You, then, why do you judge your brother or sister?" - Romans 14

The passage doesn't say anything about Shabbat.

Let's break it down for understanding.

(CLV) Ro 14:1
Now the infirm in the faith be taking to yourselves, but not for discrimination of reasonings.

(CLV) Ro 14:2
One, indeed, is believing to eat all things, yet the infirm one is eating greens.

This is about eating.

(CLV) Ro 14:3
Let not him who is eating be scorning him who is not eating. (fasting) Yet let not him who is not eating (fasting) be judging him who is eating, for God took him to Himself.

Not eating is called fasting.

(CLV) Ro 14:4
Who are you who are judging Another's domestic? To his own Master he is standing or falling. Now he will be made to stand, for the Lord is able to make him stand.

(CLV) Ro 14:5
One indeed, is deciding for one day rather than another day, yet one is deciding for every day. Let each one be fully assured in his own mind.

(CLV) Ro 14:6
He who is disposed to the day, is disposed to it to the Lord; and he who is eating, is eating to the Lord, for he is thanking God. And he who is not eating, (fasting) to the Lord is not eating, (fasting) and is thanking God.

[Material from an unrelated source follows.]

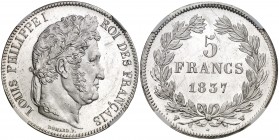1837. Francia. Luis Felipe I. W (Lille). 5 francos. (Kr. 749.13). AG. En cápsula de la NGC como MS61, nº 4348143-011. Leves rayitas. Bella. (S/C-).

10 times within 6 verses we see the word eating; but some completely ignore the word eating; and want to make this about the Sabbath. Nowhere was the sabbath mentioned in this passage. As a matter of fact, the Sabbath isn't mentioned in this whole letter.

This passage tells the readers not to squabble over which days to fast. YHWH gave no commands on which days to fast.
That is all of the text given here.